Однажды, когда Степан Абакумович пришел в цех принимать смену, на лестнице в темном месте его встретил Василий. Он остановил мастера, и старик сразу опустил глаза — странно, но он все еще не мог смотреть в лицо этому рыболову.
— Дядя, под наш рекорд заложена мина, — сказал Василий.
— Это что же такое, какая мина? — старик, не глядя на него, попробовал пройти наверх, но и рыбак сделал шаг наверх и опять загородил дорогу.
— А такая. Это хлопцы говорят. Он будет прогревать печь. Утоплять будет огонь до дна.
— Как же это он будет утоплять? — Степан Абакумович упрямо глядел вниз, постукивая носком сапога.
— А так, — Василий заторопился. — Известь плохо проводит ток. Понятно? Он электроды теперь известью закрывает — огонь-то и уходит вниз. Вот что. Весь огонь внутри, калории все…
— Ну и что же? — отчетливо спросил Степан Абакумович.
— Он еще одно дело придумал, дядя. Они сейчас обсуждали. Селезнева говорила — правильно.
— Еще раз: ну и что же?
— Так нам же надо сразу это… У меня тут записано, как и что. По часам. Что же — знамя ему отдадим?
— Значит, записано. Хм. Ну-ка покажи. — Степан Абакумович заинтересовался. — Дай сюда! — вдруг гаркнул он, багровея. — А мы вот сейчас спросим ребят, бригаду спросим! Мол, Василий предлагает… Сам не может, так предлагает готовым попользоваться.

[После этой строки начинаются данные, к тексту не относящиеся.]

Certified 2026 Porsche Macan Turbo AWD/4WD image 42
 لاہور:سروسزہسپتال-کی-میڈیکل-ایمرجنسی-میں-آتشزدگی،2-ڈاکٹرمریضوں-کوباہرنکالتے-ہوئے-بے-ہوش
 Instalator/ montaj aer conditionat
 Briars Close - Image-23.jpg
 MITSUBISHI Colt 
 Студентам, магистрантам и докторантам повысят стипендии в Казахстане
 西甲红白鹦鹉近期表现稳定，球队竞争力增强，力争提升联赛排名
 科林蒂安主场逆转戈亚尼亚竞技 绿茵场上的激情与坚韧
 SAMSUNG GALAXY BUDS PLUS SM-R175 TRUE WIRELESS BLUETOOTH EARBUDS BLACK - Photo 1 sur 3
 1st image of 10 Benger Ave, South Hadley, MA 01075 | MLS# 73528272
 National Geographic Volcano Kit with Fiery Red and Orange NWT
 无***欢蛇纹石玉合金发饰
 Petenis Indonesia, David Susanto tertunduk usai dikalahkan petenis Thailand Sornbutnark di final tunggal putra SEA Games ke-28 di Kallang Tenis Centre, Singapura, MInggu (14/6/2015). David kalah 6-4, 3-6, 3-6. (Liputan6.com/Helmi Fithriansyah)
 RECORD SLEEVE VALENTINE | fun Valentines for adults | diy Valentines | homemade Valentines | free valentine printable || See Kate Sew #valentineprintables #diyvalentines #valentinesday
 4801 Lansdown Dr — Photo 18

Василий порозовел, и так, в молчании, они стояли на лестнице целую минуту.
— Ты бы рад ему финик поднести! — сказал, наконец, Степан Абакумович, разрывая записку Василия. — У нас социалистическое соревнование. Люди красоту показывают. А у тебя с ним что? Вот за это я и не могу смотреть в твою физиономию. Закури, Васька, не обижайся, правду говорю.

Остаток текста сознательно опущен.